Making the most of paper notes

I’ve been drawing a lot more on paper lately, so I should update my Sketching Tools page. It is nice as a way to quickly get my thoughts down without the tiring brightness of the computer screen or the distractions of the Internet. Here’s what I’ve been learning about the differences between drawing on paper and drawing on my computer:

2013-10-28 Drawing on paper versus drawing on my computer

There’s always room to make things better, of course. How can we think on paper more effectively? The mindmap that I’ve been working on gives me a useful overview, letting me see when I’ve accumulated several sketches in a particular area so that I can put them into a blog post. I’ve also figured out how to include the sketches in my review process, thanks to this Flickr metadata downloader (Python).
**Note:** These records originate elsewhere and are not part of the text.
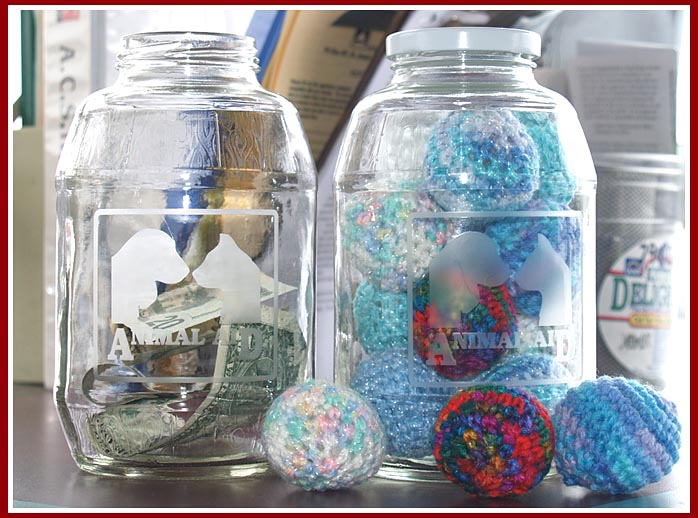 Animal Aid of SW MI uses unique donations jars from recycled applesauce jars and custom stencils from Egress Etch.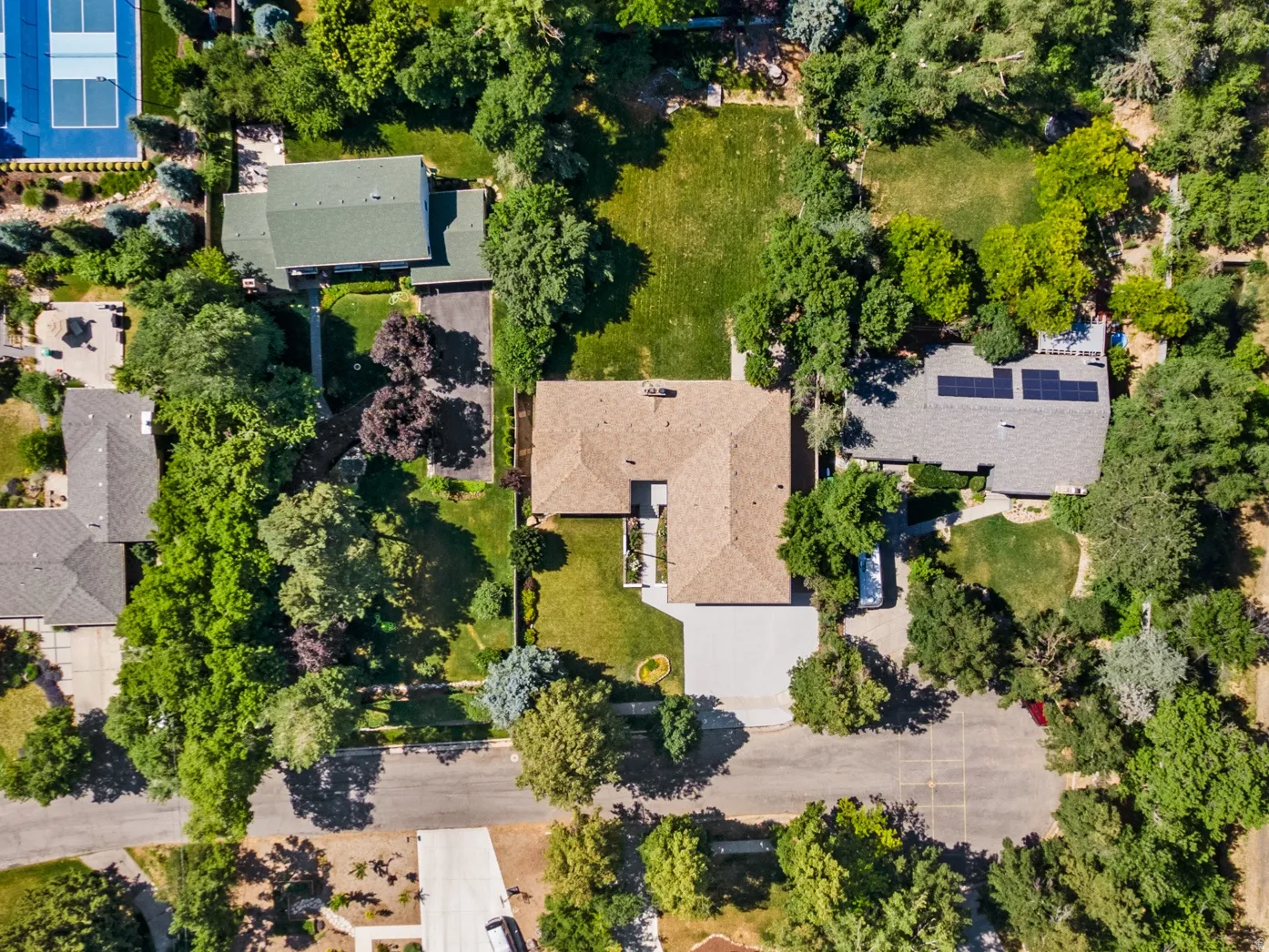 Aerial perspective showcasing a residential property with an L-shaped roofline, an expansive lawn, and a paved driveway
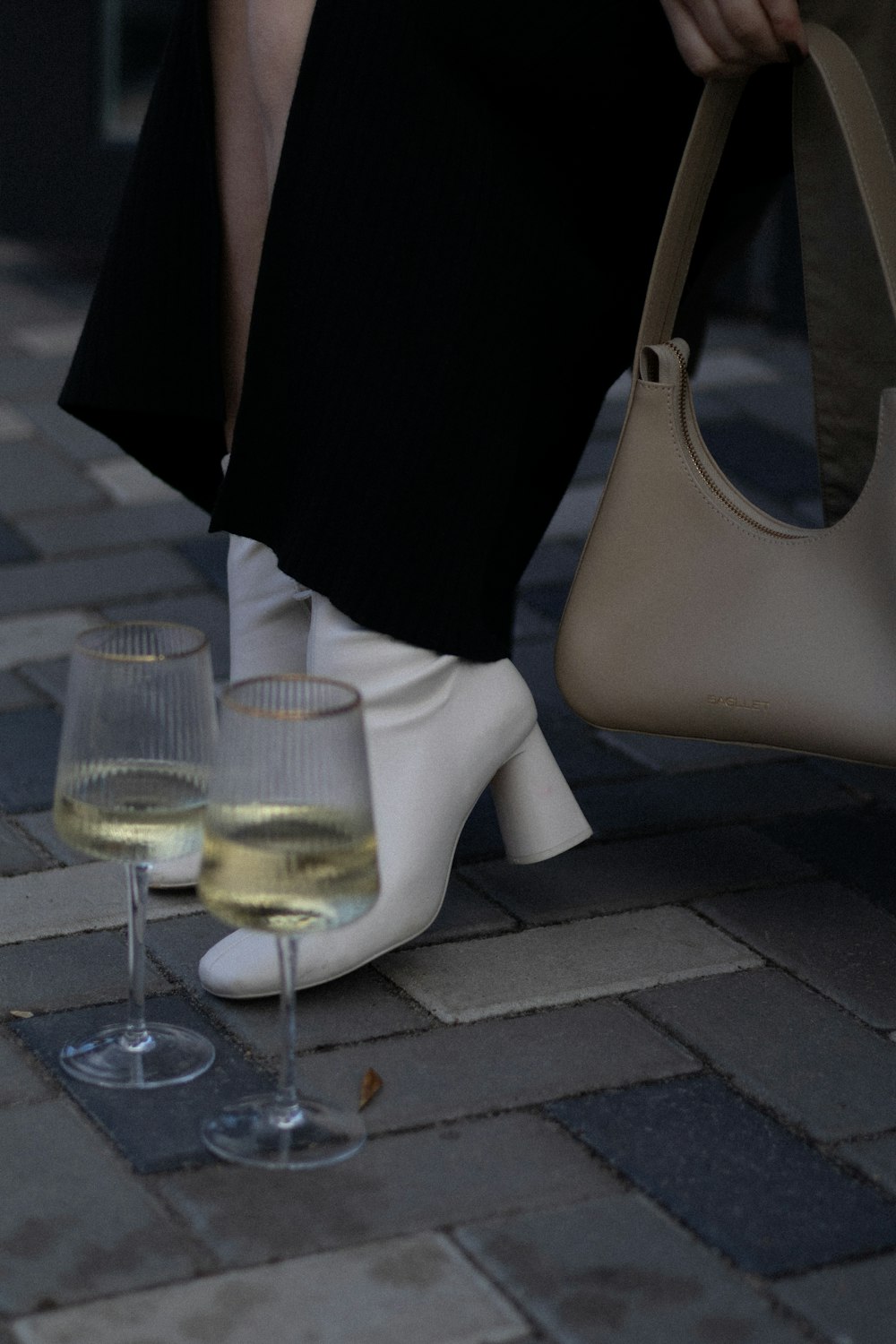a woman is holding a purse and two glasses of wine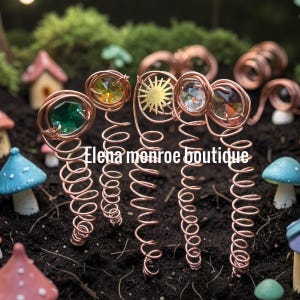 May include: Copper wire hair accessories with colorful crystal and sunburst accents. The accessories are arranged on a dark surface with miniature fairy garden elements in the background. The text "Elena monroe boutique" is visible.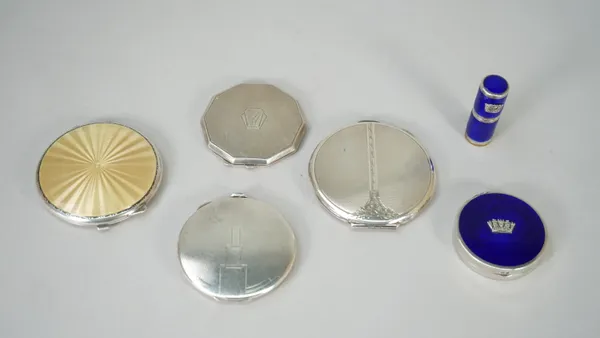 A lady's silver and buff coloured enamelled powder compact, Birmingham 1939, three lady's silver powder compacts, having enamelled decoration, a lady'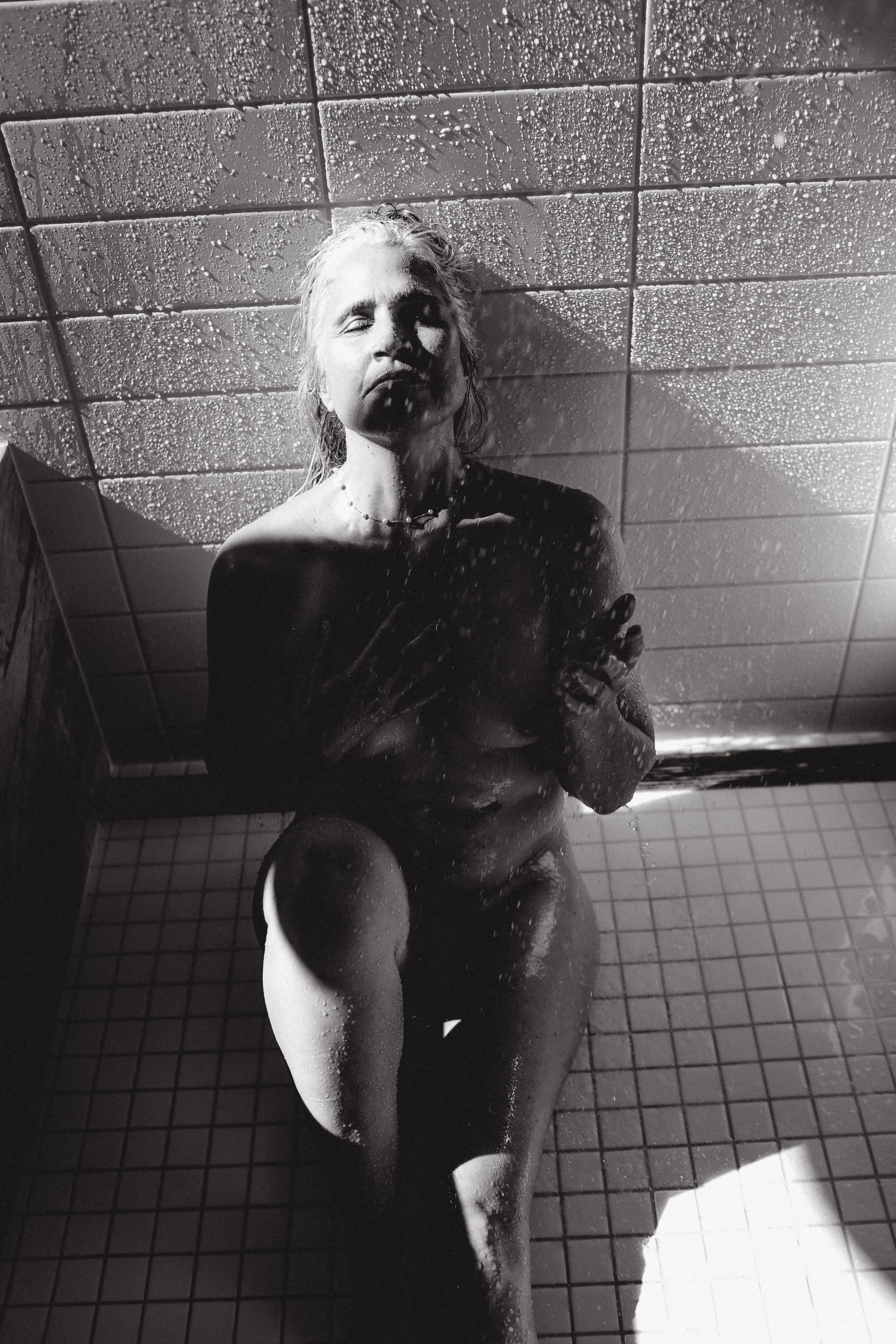 A black and white photo of a woman with closed eyes standing in a shower, with water droplets on the ceiling and mirror.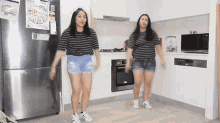 two girls are dancing in a kitchen with a sticker on the refrigerator that says ' lg '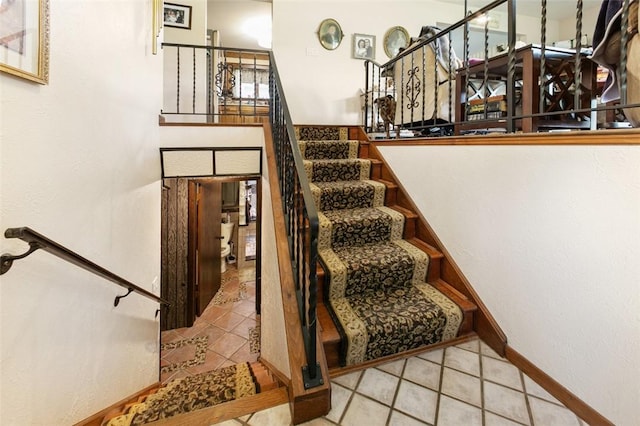 334 Park St, North Union Twp, PA 15401 - stairway featuring tile patterned floors and baseboards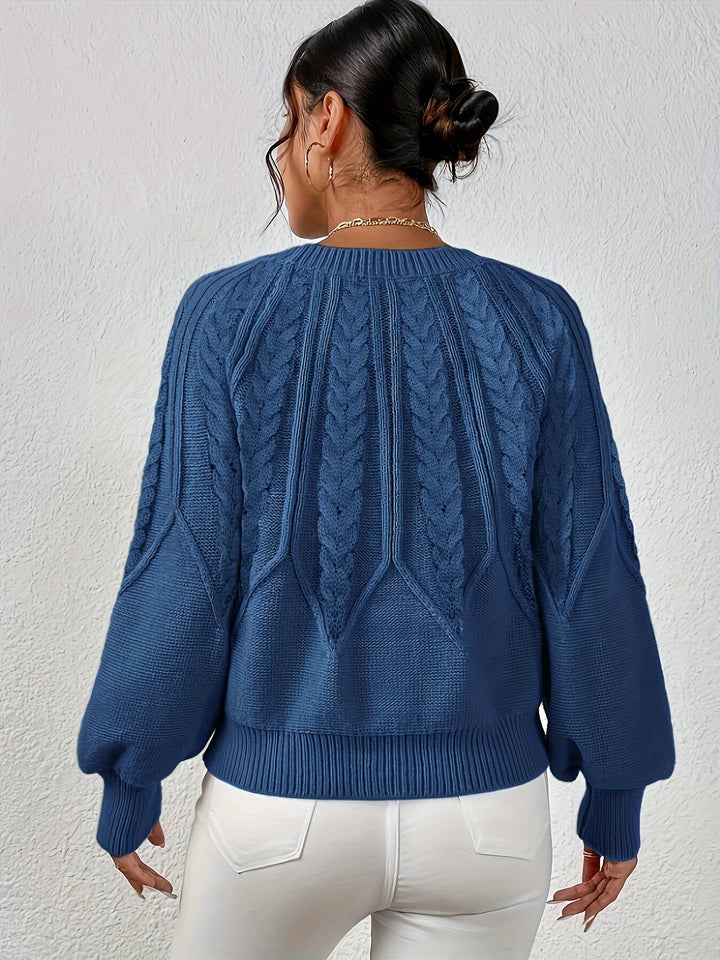Chic women's cable knit pullover with a relaxed fit and elegant lantern sleeves, versatile style.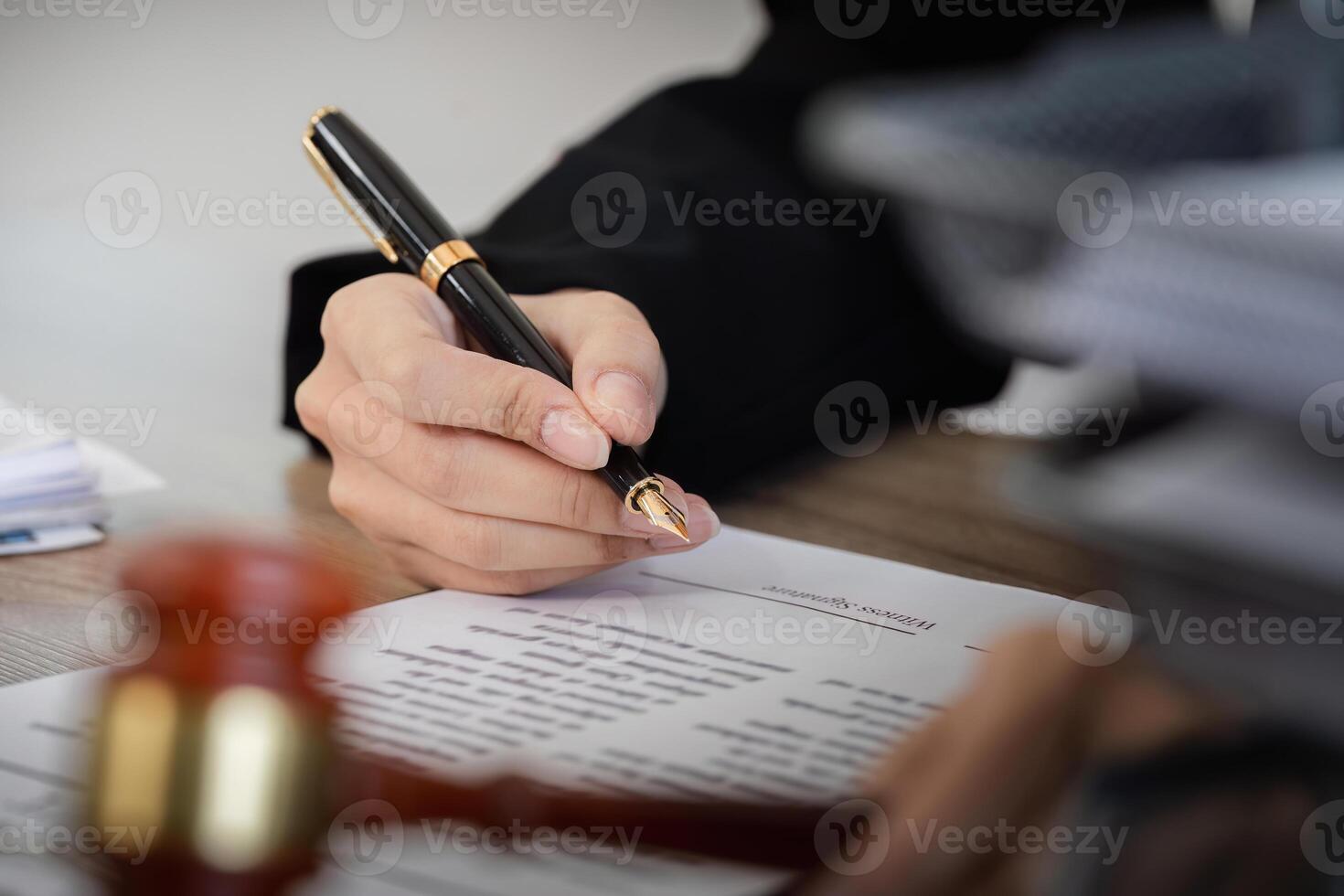 Young Female Lawyer Introducing Business Contract Law with Pen in Hand and Legal Documents on Desk photo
Speech recognition still hasn’t made its way into my toolkit, though…

2013-10-21 How can I think on paper more effectively

Now that I’ve got a decent archive of paper notes, the next challenge is making these easy to search and organize. I’ve put together some tips for making your paper notes more searchable here:

2013-11-11 Make your paper notes more searchable (low-tech and hi-tech tips)

… and getting them into your computer so that you can organize them along with the rest of your notes.

2013-11-14 Integrating paper and digital notes  

Lately I’ve been using Flickr for sharing and tagging images and Evernote for the occasional hand-written search. Let’s see how this works out…

I’m really curious about how other people manage their paper notes. I’ve been trying to find more details on how Isaac Asimov organized his notes – filing cabinets, apparently, but it would be great to get more detail! Do you have a large paper archive? How do you manage it? Do you know anyone who does this really well?